Fabien Bréard, l'artisan de la préparation mentale à Nîmes Olympique
Au centre d'entraînement de la Bastide, Fabien Bréard, 53 ans, est à pied d'œuvre avec Nîmes Olympique. Depuis décembre, ce préparateur mental a profité l'ensemble des joueurs et du staff du club, apportant son expertise unique en vue des matchs cruciaux comme celui contre Hyères, samedi. Dans une interview exclusive pour Midi Libre, il dévoile sa méthode et sa vision.
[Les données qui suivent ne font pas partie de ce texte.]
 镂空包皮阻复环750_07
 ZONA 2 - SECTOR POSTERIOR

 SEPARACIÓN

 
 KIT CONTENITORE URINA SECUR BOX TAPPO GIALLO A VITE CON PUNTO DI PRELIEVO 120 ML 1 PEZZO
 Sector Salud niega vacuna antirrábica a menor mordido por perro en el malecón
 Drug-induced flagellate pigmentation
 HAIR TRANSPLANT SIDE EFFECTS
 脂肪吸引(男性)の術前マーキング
Une collaboration née d'un réseau solide
Fabien Bréard explique comment il a rejoint Nîmes Olympique : "Quand j'intervenais au centre de formation de l'OM entre 2020 et 2022, j'ai rencontré Valentin Cenatiempo, le fils du président. Nous avons gardé le contact, et quand son père a repris Nîmes, Valentin m'a suggéré que mes services pourraient être utiles. J'ai été mis en relation avec le directeur sportif Anthony Dupré, et notre collaboration a débuté en décembre."
Profilaxion : un outil d'analyse innovant
En 2019, Fabien Bréard a créé Profilaxion, un outil d'analyse comportementale. "Il permet d'identifier le fonctionnement d'une personne, son mode d'emploi," précise-t-il. "Ce n'est ni un test de personnalité ni un outil psychologique, mais une analyse des comportements et des attitudes. Le cerveau, bien qu'il ne représente que 2% du poids corporel, consomme 20% de notre énergie. Sous pression, notre pilote automatique prend le dessus." L'outil, basé sur un questionnaire de 54 questions, est utilisé aussi bien dans le sport que dans l'entreprise.
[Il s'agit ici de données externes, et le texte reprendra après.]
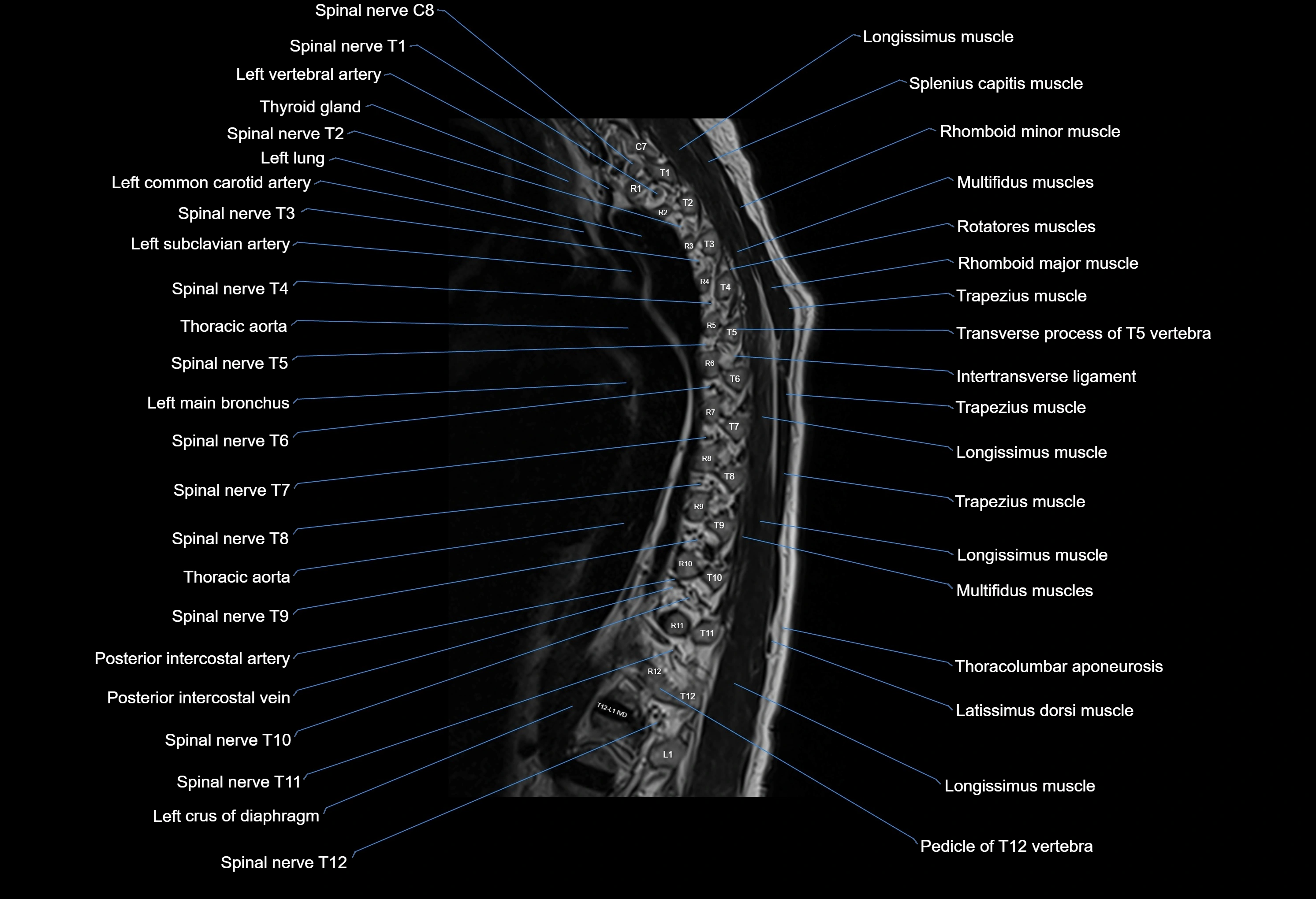 MRI thoracic spine sagittal  cross sectional anatomy 3T radiology  image-img-00001-00021.webp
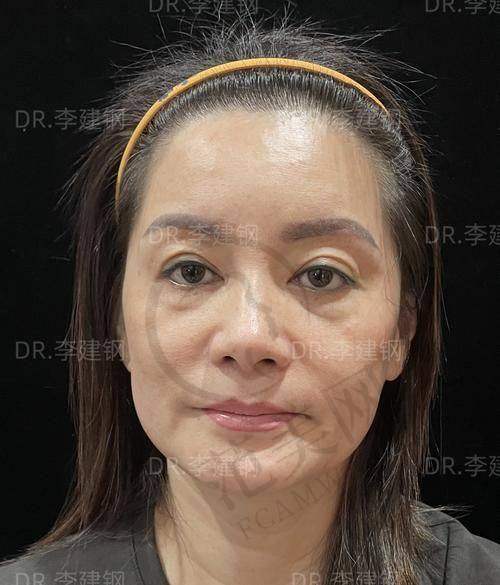 宜昌华美冭活泡泡水光393元起划算程度分析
Bréard se décrit comme un préparateur mental pragmatique : "J'aime être sur le terrain, à l'entraînement et en match, pour observer les réactions, la communication, le respect des consignes. C'est là que l'on trouve les leviers d'amélioration."
Un parcours atypique : de la banque au football
Né à Falaise en 1972, Fabien Bréard a suivi un chemin sinueux. "Après mon bac, je voulais faire de la psychologie, mais on m'a orienté vers des études plus sérieuses," raconte-t-il avec un sourire. "J'ai donc fait du droit, un BTS action commerciale, et j'ai travaillé dans la banque et les assurances. Puis, j'ai créé ma société, BFC SAS, tout en me formant au coaching et à la préparation mentale. Il me manquait des pièces du puzzle, alors j'ai développé Profilaxion."
Testé initialement sur des étudiants en psychologie du sport, l'outil a gagné en crédibilité grâce à une collaboration avec Nasser Larguet, directeur du centre de formation de l'OM, de 2020 à 2022. Depuis, Bréard a travaillé avec divers clubs, dont le PSG et Paris Atletico, ainsi qu'avec des entreprises. Actuellement, 35 personnes, dont l'ancien gardien pro Steeve Elana, sont formées à Profilaxion.
Analyse des performances et défis mentaux
Les trois premières semaines de Bréard avec Nîmes ont été marquées par trois victoires 2-0. Interrogé sur le match nul contre Saint-Maur, il commente : "Mon job n'est pas de garantir le résultat, mais de préparer le meilleur résultat possible et de réagir après. Contre Saint-Maur, j'ai noté un manque de communication avant et après le but égalisateur. Mon rôle est de corriger cela, mais ce n'est pas la fin du monde."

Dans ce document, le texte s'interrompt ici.